2025, Dec 17 15:00

Cumulative Mean and Standard Deviation by Group in Polars: Clean, Readable Patterns with Rolling Windows

Learn how to compute cumulative mean and standard deviation by group in Polars using rolling windows and cum_sum/cum_count for clear, concise, reliable code.

Computing cumulative mean and cumulative standard deviation in a Polars DataFrame sounds straightforward, but the most obvious approach can get verbose quickly, especially when you partition the calculation by a category. Here’s a concise walkthrough that keeps the logic clear and minimizes the risk of errors.

Baseline example: cumulative mean by group

Assume a small DataFrame with a numeric column and a grouping key. One way to derive a running mean is to divide a cumulative sum by a cumulative count within each group.

import polars as pl

tbl = pl.DataFrame({
    "val": [4, 6, 8, 11, 5, 6, 8, 15],
    "grp": ["A", "A", "B", "A", "B", "A", "B", "B"]
})

res = tbl.with_columns(
    running_avg = pl.col("val").cum_sum().over("grp") 
                  / pl.int_range(pl.len()).add(1).over("grp")
)

What’s going on and why this feels clunky

The expression builds a per-group running mean by taking a partitioned cumulative sum and dividing it by a per-group running index plus one. It works, but the use of a global range that is then partitioned is not the most readable approach and becomes less comfortable when you try to extend it to a cumulative standard deviation.

A cleaner approach with rolling windows

You can achieve cumulative mean and cumulative std using rolling functions. The idea is simple: apply rolling_mean and rolling_std over each group with a window as large as the entire frame and set min_samples=1. Within a group, as long as the group length is smaller than the window, the rolling window effectively behaves like a cumulative window. For cumulative mean, you can also keep a compact variant based on cum_sum and cum_count.

clean = tbl.with_columns(
    avg_cum = pl.col("val").cum_sum().over("grp") 
              / pl.col("val").cum_count().over("grp"),
    avg_cum_roll = pl.col("val").rolling_mean(
        window_size=tbl.shape[0],
        min_samples=1
    ).over("grp"),
    std_cum_roll = pl.col("val").rolling_std(
        window_size=tbl.shape[0],
        min_samples=1
    ).over("grp")
)

The rolling mean aligns with the cumulative mean. For the rolling standard deviation, the first entry of each group yields null, which matches the usual behavior when there is only a single observation.

Why this matters

Running aggregates are a staple in analytics pipelines, monitoring, feature computation and exploratory work. A readable expression is easier to maintain and reason about. The rolling approach avoids manual index arithmetic, and the compact cumulative-mean formula stays precise without extra moving parts.
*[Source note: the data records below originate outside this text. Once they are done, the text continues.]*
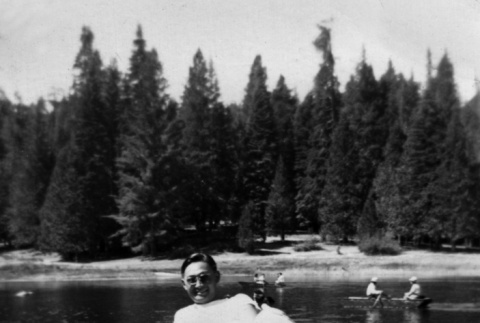 Stan Nagata on a dock at Lake Sequoia (ddr-densho-336-43)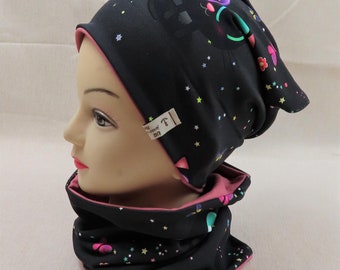 May include: Black and pink reversible beanie with a black cat and stars print. The beanie has a pink seam and a small white label with the text "Lue Made with Love".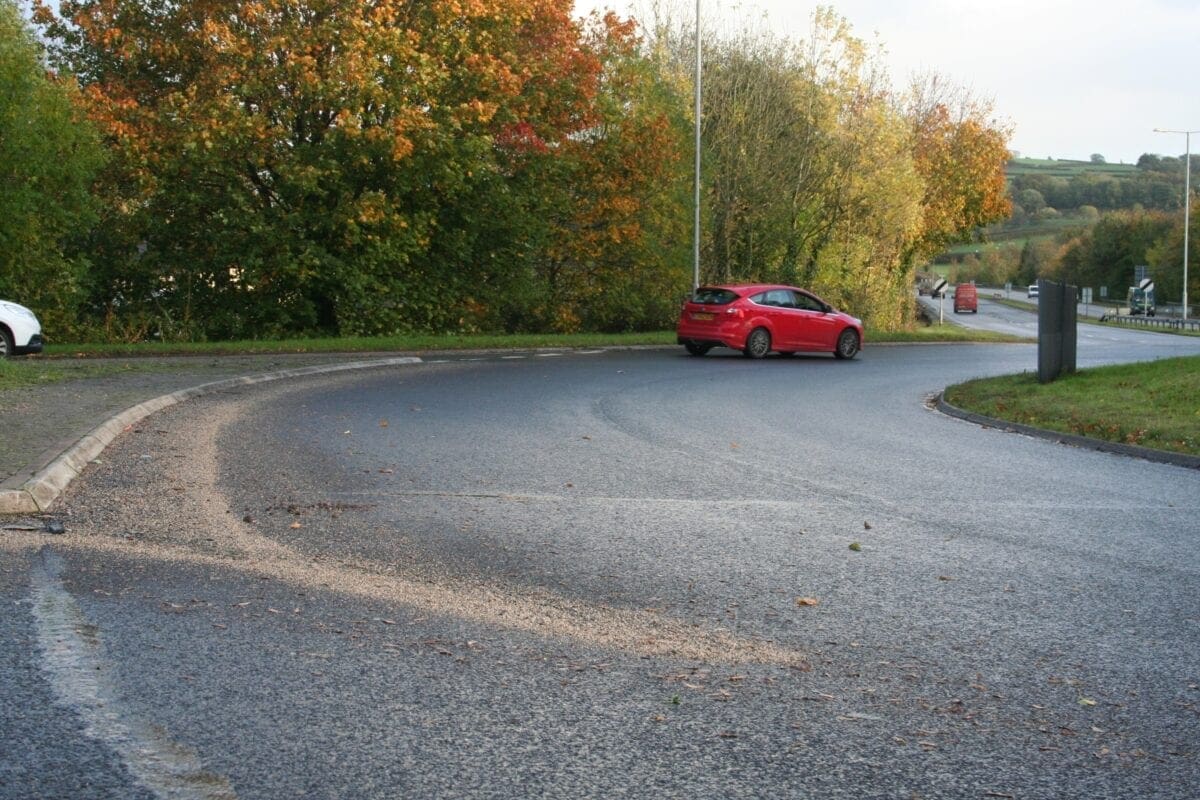 Spot the loose grit, swept into a pile by passing traffic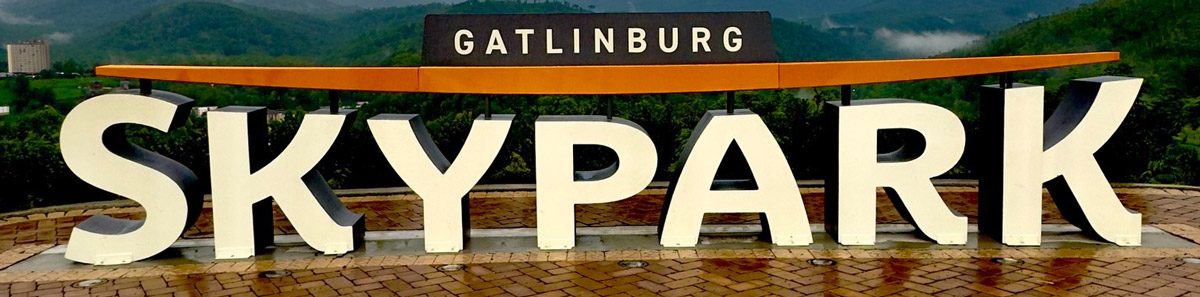 Gatlinburg SkyPark metal logo display fabricated for outdoor visitor photos and brand visibility.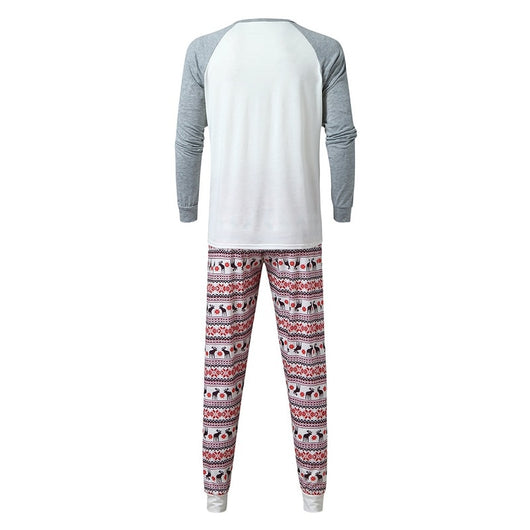 Young boy wearing a Christmas pajama set with a white and grey raglan top featuring a reindeer and fair isle print pants. - Image 15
A more specific built-in for this pattern isn’t available, but the rolling family covers the need well.

Conclusion

For cumulative mean by group, prefer the short formula based on cum_sum divided by cum_count. For cumulative standard deviation, rely on rolling_std with a window equal to the number of rows and min_samples=1, and apply both via over to partition by the grouping key. This keeps the code focused, expressive and less error-prone when the logic grows.